▸ EXERCISE PROMPT
Every line from the one with "Dreams Wireless - The store front" through the end of the entries below must be retyped exactly, and only those lines. The pictures are not part of the copy.

[Brief descriptive captions]
--*--

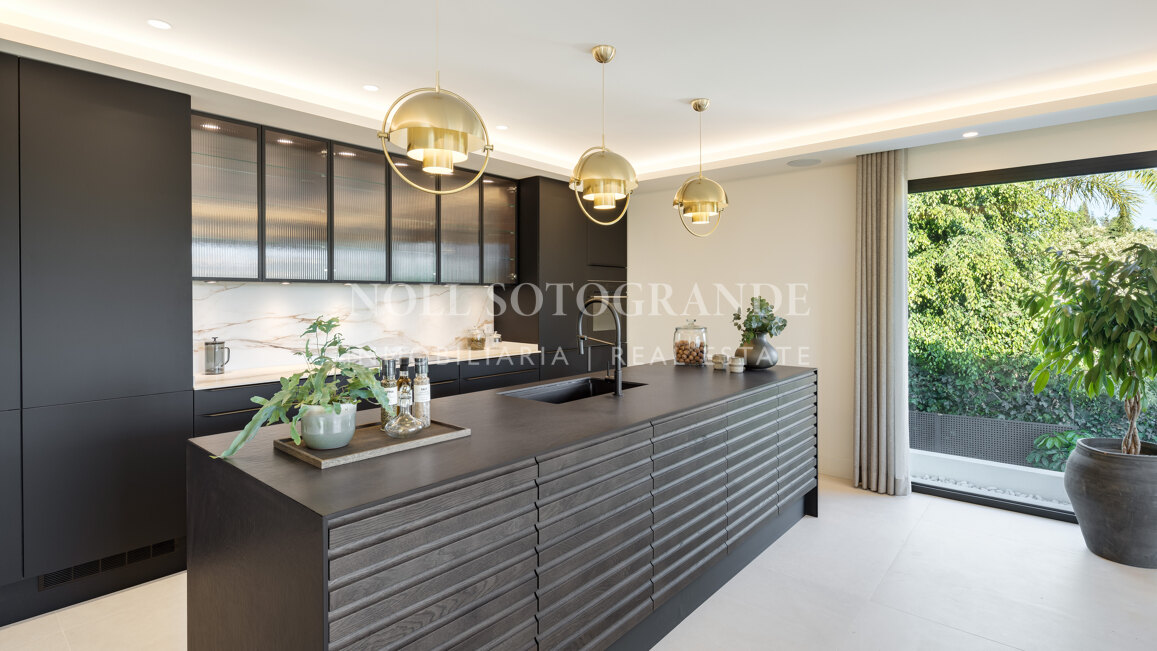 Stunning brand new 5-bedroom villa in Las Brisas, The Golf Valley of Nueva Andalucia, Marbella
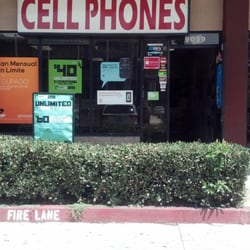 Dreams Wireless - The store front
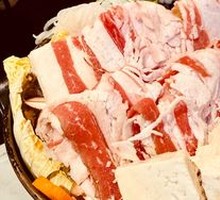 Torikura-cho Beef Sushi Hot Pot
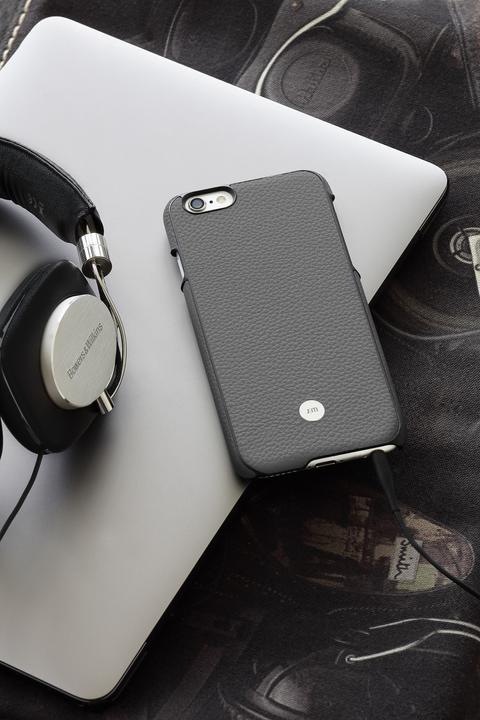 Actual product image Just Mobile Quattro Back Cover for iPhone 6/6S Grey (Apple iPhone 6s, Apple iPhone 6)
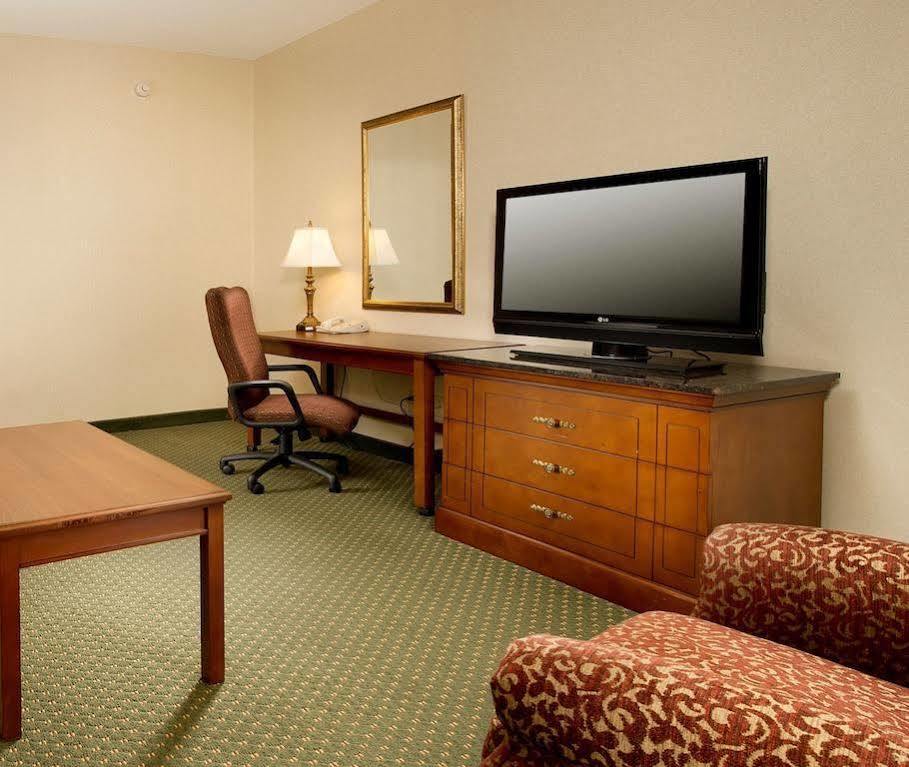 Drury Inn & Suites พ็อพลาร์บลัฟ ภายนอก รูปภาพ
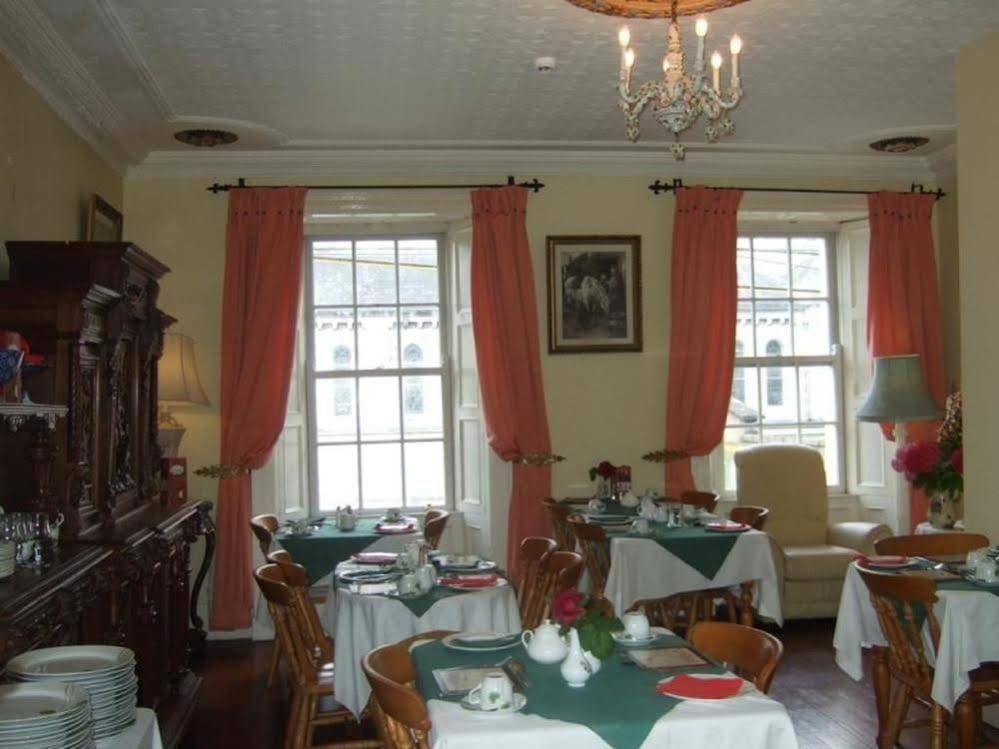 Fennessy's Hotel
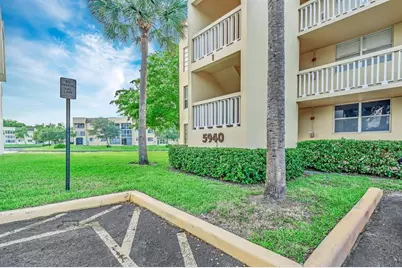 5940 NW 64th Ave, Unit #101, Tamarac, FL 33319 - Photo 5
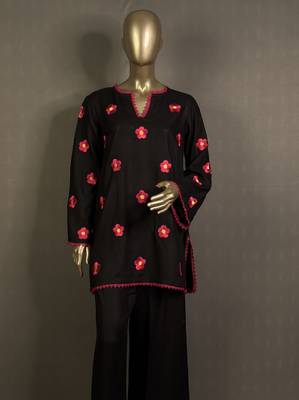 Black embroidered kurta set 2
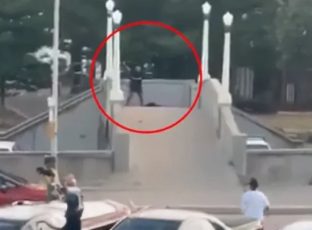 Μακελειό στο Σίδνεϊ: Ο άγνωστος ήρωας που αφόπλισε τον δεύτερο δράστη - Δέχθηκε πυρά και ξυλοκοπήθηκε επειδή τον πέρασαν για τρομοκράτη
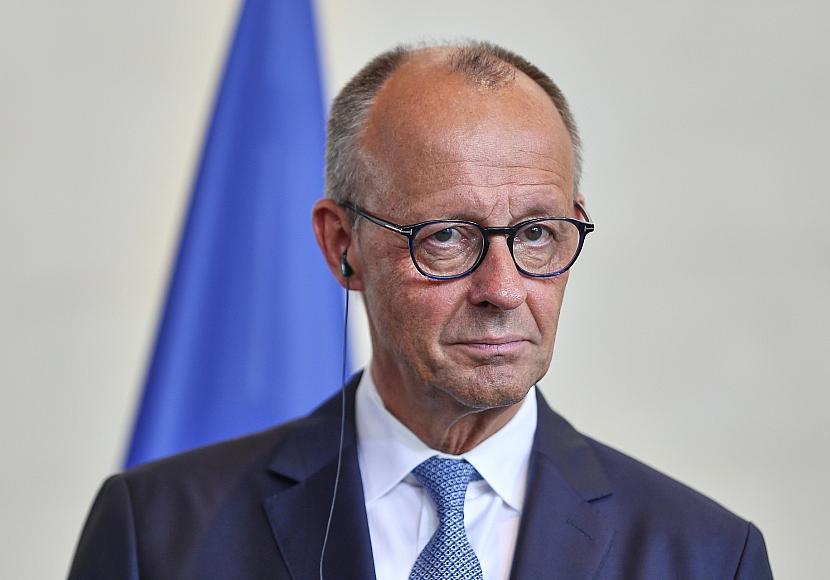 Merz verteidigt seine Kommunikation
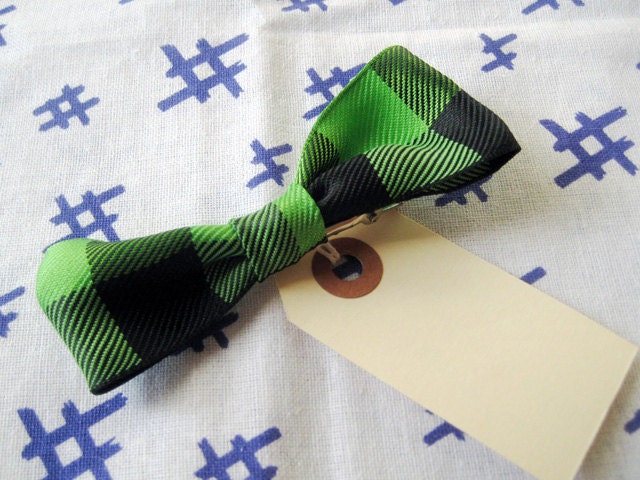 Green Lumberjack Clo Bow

--*--

▸ ANSWER BELOW
 Dreams Wireless - The store front
 Torikura-cho Beef Sushi Hot Pot
 Actual product image Just Mobile Quattro Back Cover for iPhone 6/6S Grey (Apple iPhone 6s, Apple iPhone 6)
 Drury Inn & Suites พ็อพลาร์บลัฟ ภายนอก รูปภาพ
 Fennessy's Hotel
 5940 NW 64th Ave, Unit #101, Tamarac, FL 33319 - Photo 5
 Black embroidered kurta set 2
 Μακελειό στο Σίδνεϊ: Ο άγνωστος ήρωας που αφόπλισε τον δεύτερο δράστη - Δέχθηκε πυρά και ξυλοκοπήθηκε επειδή τον πέρασαν για τρομοκράτη
 Merz verteidigt seine Kommunikation
 Green Lumberjack Clo Bow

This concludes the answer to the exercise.